Herapath recognized the material’s light-polarizing properties, but it wasn’t until the 1920s that researchers figured out how to work with the fragile crystals. The most well-known work is that of Edwin H. Land, who ground the crystals in a ball mill until they were reduced to submicrometer dimensions, at which point he extruded them in polymers such as nitrocellulose to make polarizing films for sunglasses and photographic filters. The technology launched the company that later became Polaroid.

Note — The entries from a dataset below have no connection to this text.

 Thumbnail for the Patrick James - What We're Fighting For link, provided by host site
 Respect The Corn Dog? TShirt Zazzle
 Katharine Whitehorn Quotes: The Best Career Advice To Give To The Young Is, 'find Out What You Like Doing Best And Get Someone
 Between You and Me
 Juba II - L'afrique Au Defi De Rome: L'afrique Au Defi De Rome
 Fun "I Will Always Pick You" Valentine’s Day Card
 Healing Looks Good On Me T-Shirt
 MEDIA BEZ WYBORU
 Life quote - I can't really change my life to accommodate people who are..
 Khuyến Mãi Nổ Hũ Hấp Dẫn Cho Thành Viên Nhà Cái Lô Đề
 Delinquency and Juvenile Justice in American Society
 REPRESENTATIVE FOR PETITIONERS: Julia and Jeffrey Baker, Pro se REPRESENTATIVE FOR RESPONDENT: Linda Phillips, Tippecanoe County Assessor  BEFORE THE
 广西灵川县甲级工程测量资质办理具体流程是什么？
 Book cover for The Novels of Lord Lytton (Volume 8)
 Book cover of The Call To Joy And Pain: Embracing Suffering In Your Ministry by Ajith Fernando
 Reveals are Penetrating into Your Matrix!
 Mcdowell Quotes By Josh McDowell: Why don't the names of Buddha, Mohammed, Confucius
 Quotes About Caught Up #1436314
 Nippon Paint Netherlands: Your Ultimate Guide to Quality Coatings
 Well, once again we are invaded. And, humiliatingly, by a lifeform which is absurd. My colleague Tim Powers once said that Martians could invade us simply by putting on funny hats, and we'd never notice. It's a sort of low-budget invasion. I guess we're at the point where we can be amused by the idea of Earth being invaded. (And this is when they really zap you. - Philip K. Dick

What Kahr found in the Bernotar filter, however, was not polymer-embedded microcrystals but what appeared to be a thin single-crystal film. “I was intrigued because growing thin single-crystal films is now a big deal for organic electronics,” Kahr says. “I couldn’t imagine how Bernauer did it. If we could rediscover his recipe, it could be generalizable.”

The first thing Kahr looked for was the crystal structure of herapathite, which didn’t exist. “I was astonished,” Kahr says, noting that an entire industry had been based on a substance that scientists still didn’t fully understand.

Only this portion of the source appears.